(Beginning of Data for this exercise)

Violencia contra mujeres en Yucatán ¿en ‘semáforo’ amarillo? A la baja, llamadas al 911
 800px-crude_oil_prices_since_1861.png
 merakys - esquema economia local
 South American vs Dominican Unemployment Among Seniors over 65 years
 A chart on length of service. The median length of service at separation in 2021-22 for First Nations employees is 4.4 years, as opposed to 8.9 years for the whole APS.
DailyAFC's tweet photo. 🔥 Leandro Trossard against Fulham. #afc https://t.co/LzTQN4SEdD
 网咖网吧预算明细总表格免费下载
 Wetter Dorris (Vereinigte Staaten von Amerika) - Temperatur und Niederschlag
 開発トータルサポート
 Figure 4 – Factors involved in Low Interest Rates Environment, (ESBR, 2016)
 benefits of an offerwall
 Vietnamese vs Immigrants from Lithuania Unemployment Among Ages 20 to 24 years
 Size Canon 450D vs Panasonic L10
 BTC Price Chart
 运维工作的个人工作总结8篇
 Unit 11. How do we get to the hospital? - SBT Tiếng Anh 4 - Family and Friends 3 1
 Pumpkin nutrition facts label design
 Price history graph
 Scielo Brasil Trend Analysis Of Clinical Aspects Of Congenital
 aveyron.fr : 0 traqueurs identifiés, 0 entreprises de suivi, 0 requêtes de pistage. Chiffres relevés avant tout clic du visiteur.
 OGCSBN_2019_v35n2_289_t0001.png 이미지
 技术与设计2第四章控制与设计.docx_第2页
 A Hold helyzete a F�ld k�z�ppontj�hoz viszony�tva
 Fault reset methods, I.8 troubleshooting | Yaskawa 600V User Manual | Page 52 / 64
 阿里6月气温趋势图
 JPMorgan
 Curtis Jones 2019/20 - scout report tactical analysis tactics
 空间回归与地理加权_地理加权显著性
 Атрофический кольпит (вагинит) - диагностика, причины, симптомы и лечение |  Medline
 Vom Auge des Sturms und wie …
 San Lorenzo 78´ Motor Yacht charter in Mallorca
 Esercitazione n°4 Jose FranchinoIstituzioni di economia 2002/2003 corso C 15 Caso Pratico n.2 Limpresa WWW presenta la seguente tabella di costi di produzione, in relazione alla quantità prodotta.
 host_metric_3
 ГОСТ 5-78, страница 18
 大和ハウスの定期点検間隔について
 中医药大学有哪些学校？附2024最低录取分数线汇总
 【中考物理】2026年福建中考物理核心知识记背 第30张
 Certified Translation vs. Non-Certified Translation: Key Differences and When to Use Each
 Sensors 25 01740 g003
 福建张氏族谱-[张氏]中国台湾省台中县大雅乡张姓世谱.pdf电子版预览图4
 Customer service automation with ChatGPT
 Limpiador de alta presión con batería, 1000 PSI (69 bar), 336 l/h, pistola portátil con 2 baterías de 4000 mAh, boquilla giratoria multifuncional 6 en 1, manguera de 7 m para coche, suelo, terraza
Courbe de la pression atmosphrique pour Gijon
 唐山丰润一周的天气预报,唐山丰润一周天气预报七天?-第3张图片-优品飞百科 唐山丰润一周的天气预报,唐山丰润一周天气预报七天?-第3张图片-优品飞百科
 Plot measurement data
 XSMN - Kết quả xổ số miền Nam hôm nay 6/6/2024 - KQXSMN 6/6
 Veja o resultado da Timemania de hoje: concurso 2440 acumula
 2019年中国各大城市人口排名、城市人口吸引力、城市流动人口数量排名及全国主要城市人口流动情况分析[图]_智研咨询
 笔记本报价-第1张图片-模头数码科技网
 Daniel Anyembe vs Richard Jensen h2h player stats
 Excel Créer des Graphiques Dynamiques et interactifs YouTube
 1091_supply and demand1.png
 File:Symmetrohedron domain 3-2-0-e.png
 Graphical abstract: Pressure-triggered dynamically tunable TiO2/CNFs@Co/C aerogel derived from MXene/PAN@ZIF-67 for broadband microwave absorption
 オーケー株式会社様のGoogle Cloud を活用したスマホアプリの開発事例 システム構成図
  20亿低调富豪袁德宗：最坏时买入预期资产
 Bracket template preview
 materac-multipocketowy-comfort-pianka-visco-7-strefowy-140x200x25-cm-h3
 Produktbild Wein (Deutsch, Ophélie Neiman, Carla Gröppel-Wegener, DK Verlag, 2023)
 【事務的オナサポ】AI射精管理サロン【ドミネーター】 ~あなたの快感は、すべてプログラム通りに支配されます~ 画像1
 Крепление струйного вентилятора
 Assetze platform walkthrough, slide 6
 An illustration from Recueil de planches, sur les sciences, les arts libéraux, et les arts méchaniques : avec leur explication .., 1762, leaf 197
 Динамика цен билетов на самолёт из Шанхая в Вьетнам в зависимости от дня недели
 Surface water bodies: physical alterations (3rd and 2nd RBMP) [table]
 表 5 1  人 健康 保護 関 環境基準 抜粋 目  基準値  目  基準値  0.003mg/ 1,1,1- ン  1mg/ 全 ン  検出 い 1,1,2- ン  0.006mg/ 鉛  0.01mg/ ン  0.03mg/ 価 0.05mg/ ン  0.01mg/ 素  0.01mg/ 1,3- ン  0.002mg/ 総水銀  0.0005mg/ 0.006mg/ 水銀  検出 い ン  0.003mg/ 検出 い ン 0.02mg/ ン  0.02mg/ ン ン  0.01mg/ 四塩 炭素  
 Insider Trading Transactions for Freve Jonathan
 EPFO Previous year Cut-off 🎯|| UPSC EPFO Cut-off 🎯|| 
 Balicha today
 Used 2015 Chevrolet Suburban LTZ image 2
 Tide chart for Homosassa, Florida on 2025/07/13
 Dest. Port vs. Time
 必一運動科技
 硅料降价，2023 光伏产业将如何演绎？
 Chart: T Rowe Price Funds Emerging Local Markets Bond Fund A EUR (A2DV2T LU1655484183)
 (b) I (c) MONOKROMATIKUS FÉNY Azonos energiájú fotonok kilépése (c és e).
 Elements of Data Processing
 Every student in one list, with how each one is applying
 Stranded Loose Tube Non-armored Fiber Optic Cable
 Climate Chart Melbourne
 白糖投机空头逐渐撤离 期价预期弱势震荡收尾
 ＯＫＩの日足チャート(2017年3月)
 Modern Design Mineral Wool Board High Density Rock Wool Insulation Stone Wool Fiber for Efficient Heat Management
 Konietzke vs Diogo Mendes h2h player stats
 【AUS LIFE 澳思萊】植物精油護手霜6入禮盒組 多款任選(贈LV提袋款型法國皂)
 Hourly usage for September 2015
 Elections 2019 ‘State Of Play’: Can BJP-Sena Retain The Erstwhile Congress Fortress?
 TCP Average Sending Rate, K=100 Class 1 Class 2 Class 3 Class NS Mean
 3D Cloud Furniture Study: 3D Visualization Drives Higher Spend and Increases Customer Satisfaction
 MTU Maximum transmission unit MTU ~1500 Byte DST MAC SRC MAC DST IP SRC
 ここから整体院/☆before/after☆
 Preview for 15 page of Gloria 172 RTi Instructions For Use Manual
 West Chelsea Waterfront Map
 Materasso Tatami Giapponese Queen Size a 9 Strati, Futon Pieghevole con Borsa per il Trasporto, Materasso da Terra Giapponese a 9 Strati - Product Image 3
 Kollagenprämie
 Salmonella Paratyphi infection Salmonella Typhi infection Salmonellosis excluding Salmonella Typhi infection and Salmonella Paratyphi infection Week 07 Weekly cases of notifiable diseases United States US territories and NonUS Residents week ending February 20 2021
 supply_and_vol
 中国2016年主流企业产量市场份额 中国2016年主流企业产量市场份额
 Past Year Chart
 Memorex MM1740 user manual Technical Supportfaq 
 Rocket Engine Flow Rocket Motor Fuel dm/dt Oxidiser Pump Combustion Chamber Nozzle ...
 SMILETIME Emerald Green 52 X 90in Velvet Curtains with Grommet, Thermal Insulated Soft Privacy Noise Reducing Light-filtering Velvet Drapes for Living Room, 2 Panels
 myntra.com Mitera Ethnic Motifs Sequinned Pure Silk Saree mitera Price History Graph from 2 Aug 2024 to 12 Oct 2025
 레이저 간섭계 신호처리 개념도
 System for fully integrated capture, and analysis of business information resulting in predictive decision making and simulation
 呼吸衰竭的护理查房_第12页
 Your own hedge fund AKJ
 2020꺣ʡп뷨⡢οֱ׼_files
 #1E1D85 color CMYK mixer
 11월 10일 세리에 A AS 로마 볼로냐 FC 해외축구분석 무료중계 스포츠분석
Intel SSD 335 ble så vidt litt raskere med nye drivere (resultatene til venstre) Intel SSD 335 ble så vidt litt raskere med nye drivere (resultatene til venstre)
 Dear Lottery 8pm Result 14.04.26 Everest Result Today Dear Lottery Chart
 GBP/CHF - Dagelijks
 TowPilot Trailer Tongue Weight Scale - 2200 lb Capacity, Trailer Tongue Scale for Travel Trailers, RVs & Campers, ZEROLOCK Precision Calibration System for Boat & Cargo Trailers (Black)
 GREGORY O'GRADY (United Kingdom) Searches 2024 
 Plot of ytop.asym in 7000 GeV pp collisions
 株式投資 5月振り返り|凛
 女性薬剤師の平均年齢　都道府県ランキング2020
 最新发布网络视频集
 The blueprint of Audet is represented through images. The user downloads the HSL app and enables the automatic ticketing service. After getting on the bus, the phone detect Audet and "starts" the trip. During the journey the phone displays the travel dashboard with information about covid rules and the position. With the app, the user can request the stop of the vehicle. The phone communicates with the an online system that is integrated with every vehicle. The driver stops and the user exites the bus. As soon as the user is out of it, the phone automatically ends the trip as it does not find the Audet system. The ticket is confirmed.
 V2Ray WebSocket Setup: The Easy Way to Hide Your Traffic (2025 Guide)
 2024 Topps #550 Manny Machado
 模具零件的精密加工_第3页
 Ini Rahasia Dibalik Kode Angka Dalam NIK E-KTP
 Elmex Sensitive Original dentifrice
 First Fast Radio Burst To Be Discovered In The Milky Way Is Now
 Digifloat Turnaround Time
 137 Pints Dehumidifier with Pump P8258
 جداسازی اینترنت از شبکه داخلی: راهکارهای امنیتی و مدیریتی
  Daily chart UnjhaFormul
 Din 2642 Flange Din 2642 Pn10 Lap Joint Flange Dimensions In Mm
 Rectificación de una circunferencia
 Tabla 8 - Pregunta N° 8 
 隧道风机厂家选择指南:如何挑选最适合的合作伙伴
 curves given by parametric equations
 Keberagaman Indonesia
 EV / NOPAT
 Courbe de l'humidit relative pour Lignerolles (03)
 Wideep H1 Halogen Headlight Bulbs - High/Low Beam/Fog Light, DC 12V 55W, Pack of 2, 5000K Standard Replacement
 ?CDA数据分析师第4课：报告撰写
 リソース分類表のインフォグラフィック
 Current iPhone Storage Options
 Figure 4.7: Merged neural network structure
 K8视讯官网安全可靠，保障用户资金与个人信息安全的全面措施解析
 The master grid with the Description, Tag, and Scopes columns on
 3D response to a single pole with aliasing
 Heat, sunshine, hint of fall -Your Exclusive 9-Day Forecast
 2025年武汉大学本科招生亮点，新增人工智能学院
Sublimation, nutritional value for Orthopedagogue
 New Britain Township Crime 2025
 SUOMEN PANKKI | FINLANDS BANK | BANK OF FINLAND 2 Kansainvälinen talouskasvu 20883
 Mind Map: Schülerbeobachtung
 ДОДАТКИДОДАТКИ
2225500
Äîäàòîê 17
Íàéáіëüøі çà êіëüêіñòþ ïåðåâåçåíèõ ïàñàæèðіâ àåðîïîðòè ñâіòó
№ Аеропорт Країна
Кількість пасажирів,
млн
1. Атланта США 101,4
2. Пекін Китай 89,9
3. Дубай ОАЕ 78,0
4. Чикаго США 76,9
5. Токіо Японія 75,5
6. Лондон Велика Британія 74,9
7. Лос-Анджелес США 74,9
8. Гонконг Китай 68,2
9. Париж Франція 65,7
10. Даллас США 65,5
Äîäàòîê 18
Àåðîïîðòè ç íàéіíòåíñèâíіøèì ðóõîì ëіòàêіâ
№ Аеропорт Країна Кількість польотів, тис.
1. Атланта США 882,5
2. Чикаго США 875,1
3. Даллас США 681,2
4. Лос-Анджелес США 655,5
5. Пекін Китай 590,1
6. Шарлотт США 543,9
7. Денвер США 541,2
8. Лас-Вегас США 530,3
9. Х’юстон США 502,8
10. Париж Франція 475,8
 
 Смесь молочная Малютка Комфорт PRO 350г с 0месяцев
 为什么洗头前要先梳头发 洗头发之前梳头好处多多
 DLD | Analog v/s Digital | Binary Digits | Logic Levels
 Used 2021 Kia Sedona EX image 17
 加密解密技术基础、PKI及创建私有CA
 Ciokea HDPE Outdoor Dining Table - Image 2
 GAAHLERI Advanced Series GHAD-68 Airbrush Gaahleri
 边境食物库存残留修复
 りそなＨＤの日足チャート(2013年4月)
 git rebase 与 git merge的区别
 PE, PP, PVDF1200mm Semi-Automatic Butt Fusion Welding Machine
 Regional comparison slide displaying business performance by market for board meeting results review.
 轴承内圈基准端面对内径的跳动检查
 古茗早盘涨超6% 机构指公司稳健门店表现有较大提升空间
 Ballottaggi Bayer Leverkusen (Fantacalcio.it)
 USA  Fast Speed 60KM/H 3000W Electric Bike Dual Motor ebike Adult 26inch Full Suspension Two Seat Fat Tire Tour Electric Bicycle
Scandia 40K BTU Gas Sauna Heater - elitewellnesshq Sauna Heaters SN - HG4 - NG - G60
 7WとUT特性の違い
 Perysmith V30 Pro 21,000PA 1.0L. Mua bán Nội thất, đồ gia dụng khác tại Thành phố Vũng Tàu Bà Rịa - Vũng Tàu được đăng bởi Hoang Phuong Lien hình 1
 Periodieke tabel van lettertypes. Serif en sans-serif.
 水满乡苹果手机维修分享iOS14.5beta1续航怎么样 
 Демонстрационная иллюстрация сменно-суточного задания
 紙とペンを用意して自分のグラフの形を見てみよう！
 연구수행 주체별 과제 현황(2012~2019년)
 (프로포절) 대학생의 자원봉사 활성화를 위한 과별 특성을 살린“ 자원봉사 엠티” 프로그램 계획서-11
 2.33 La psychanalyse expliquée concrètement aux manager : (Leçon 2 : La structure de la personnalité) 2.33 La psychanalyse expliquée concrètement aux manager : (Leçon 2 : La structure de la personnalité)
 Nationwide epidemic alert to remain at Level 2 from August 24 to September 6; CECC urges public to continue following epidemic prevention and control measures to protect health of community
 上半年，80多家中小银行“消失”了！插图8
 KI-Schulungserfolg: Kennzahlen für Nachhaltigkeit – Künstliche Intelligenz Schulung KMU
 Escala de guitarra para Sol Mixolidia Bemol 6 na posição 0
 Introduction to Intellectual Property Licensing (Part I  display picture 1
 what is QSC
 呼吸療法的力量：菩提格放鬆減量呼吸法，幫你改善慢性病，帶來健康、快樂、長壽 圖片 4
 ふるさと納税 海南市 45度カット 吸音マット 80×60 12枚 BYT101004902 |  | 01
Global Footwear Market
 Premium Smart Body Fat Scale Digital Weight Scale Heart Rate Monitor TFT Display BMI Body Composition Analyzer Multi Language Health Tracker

(End of Data for this exercise)

Work required
Your answer should consist of the lines from the line with "Ballottaggi Bayer Leverkusen" to the line with "Perysmith V30 Pro" above, repeated exactly, both ends included.

Finished task
 Ballottaggi Bayer Leverkusen (Fantacalcio.it)
 USA  Fast Speed 60KM/H 3000W Electric Bike Dual Motor ebike Adult 26inch Full Suspension Two Seat Fat Tire Tour Electric Bicycle
Scandia 40K BTU Gas Sauna Heater - elitewellnesshq Sauna Heaters SN - HG4 - NG - G60
 7WとUT特性の違い
 Perysmith V30 Pro 21,000PA 1.0L. Mua bán Nội thất, đồ gia dụng khác tại Thành phố Vũng Tàu Bà Rịa - Vũng Tàu được đăng bởi Hoang Phuong Lien hình 1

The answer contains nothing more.